Heungkong Group Limited 香江集團
- Company type: Private
- Founded: 1990
- Headquarters: People's Republic of China
- Number of employees: 20,000
- Website: http://www.heungkong.com

= Heung Kong Group =

Heungkong Group Limited is a Hong Kong conglomerate. Its businesses include retail and manufacture of furniture, logistics, real estate development, property management, natural resources, education, healthcare, and financial services. The group is headquartered in Hong Kong, Guangzhou and Qianhai, Shenzhen.

Heungkong Group was founded in 1990 as a furniture retailer. As its furniture business grows, Heungkong Group started other businesses and has transformed into a conglomerate. In 1996, the Heungkong Group became one of the first Chinese private enterprises to tap into financial investments and strategically invested in many financial institutions. It is a major shareholder of China Guangfa Bank, GF Securities, Guangdong Nanyue Bank and Bank of Tianjin. In 2003, GF Securities and Heungkong Group founded GF Fund Management, China’s second largest mutual fund management company which had $210 billion in assets under management as of December 2023.

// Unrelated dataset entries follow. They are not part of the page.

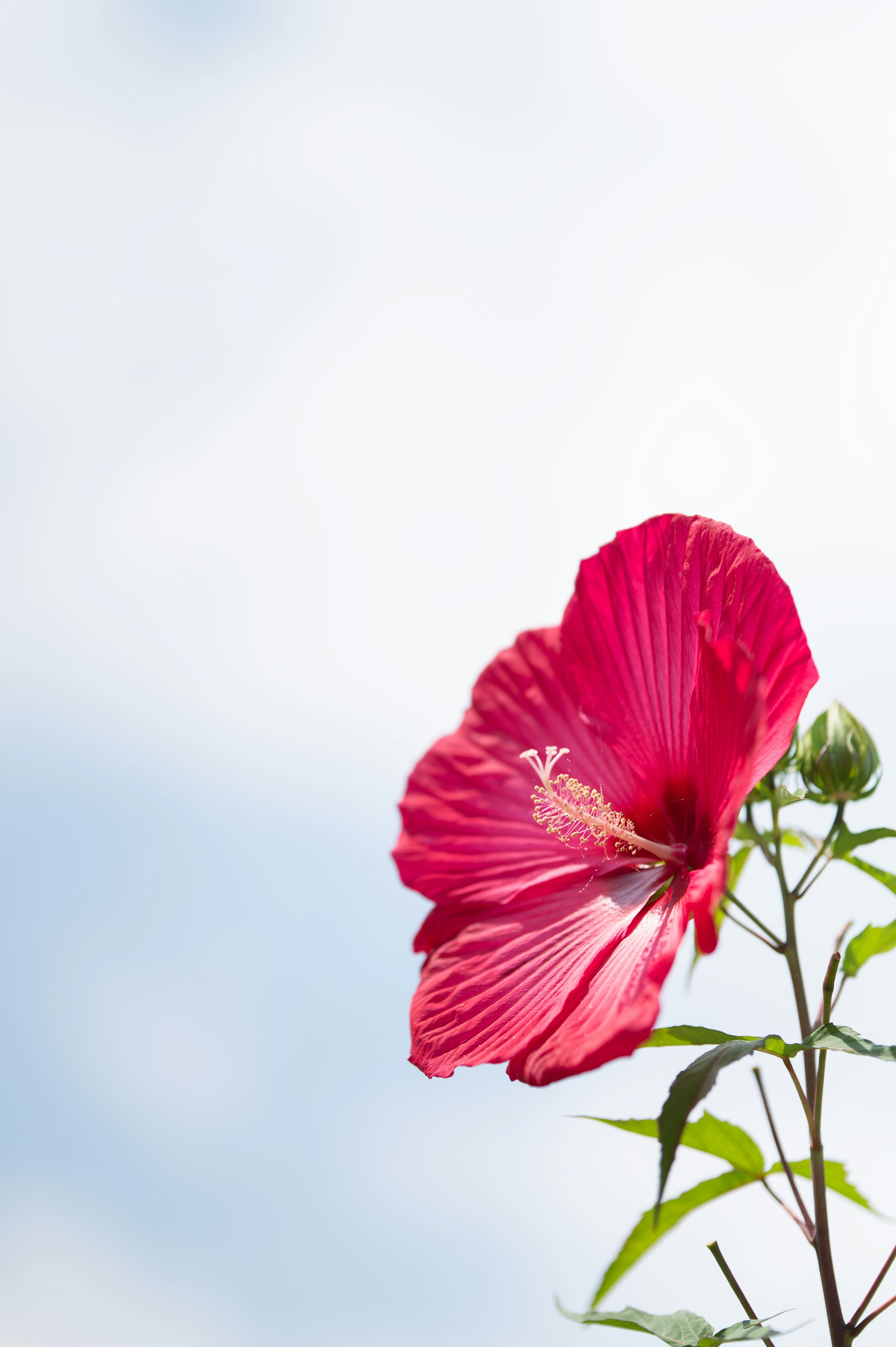 Fleur d'hibiscus rose épanouie sous un ciel bleu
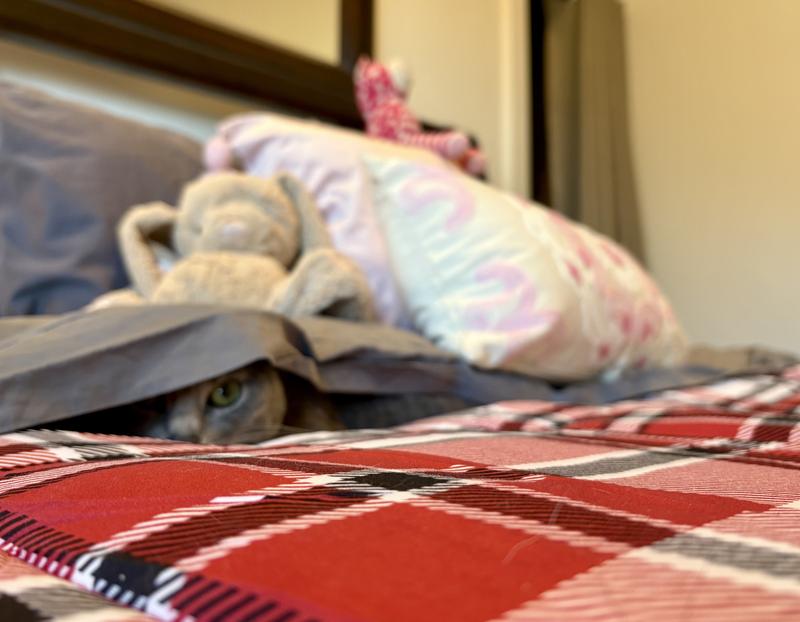 Pluto is really impressed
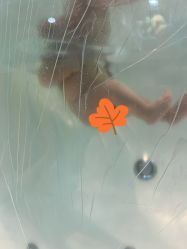 -乐悠游儿童游泳馆(宝安妇幼店)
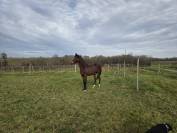 Puledra Sella Francese In vendita 2024 Baio scuro ,  cristallo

Heungkong Group's subsidiaries include Qianhai Heungkong Financial Holdings Group, Heungkong Wanji Aluminum Co., Ltd.,
Shenzhen HeungKong Holding Co., Ltd., and many more. In 2005, Heungkong Charitable Foundation was established, becoming the first national-level foundation founded by private sector in China. Cofounder Zhai Meiqing received the Carnegie Medal of Philanthropy in 2017.